| Brief |
Reproduce the opening lines of the records exactly, up to and including the line in which "Calma home good" occurs.

****************

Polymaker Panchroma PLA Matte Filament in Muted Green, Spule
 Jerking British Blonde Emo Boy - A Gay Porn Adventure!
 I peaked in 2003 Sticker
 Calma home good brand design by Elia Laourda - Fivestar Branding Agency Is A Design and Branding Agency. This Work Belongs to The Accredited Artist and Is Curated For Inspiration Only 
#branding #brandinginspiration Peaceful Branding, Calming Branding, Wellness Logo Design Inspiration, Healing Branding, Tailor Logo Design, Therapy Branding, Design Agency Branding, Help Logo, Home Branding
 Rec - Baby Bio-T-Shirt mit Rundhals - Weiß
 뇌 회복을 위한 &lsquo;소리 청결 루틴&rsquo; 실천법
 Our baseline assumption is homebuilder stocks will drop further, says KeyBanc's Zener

****************

| Written response |
Polymaker Panchroma PLA Matte Filament in Muted Green, Spule
 Jerking British Blonde Emo Boy - A Gay Porn Adventure!
 I peaked in 2003 Sticker
 Calma home good brand design by Elia Laourda - Fivestar Branding Agency Is A Design and Branding Agency. This Work Belongs to The Accredited Artist and Is Curated For Inspiration Only 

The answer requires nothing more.